**WORK INSTRUCTIONS**
Return exactly the listing's lines, from its first line to the line holding "Boker Arbolito Stag", ends included.
-=-=-=-=-
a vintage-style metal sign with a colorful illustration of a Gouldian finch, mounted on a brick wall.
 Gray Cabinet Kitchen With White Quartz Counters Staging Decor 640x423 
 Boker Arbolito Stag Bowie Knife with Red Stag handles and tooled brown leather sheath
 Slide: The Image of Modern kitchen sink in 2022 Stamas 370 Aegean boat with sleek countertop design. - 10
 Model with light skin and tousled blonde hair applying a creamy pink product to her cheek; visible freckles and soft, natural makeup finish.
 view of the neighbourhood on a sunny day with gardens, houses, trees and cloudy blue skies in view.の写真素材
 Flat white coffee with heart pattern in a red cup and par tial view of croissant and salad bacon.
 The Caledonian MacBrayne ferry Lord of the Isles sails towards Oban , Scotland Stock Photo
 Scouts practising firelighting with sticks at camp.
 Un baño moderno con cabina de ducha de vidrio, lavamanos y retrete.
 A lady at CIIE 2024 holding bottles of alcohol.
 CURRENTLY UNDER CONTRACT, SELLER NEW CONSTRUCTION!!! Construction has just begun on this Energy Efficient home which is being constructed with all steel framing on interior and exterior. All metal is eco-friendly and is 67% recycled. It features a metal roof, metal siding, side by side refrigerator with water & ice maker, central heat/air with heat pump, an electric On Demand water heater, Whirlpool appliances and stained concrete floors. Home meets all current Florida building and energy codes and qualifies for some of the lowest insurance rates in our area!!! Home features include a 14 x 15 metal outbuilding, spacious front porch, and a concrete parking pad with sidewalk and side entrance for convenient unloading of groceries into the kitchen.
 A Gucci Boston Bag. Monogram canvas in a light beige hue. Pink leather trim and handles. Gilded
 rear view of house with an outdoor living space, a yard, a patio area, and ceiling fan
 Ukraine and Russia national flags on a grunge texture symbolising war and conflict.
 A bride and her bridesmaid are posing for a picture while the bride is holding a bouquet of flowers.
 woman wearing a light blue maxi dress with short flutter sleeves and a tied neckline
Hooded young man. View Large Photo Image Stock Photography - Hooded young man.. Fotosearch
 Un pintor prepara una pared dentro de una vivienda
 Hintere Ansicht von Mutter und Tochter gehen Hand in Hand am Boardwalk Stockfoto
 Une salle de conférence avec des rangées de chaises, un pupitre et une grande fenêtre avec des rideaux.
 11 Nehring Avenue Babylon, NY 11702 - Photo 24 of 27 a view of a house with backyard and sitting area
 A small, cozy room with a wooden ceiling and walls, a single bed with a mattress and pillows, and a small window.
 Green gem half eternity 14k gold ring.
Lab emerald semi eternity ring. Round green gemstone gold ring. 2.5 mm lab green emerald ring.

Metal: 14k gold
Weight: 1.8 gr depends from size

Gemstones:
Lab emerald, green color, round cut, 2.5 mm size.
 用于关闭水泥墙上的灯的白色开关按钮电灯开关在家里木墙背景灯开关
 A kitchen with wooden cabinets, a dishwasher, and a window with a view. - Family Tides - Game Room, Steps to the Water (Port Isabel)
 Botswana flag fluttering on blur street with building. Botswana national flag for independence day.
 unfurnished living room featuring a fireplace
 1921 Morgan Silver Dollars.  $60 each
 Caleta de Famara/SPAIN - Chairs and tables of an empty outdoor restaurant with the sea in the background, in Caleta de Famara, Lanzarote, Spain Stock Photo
-=-=-=-=-
**WRITTEN SOLUTION**
a vintage-style metal sign with a colorful illustration of a Gouldian finch, mounted on a brick wall.
 Gray Cabinet Kitchen With White Quartz Counters Staging Decor 640x423 
 Boker Arbolito Stag Bowie Knife with Red Stag handles and tooled brown leather sheath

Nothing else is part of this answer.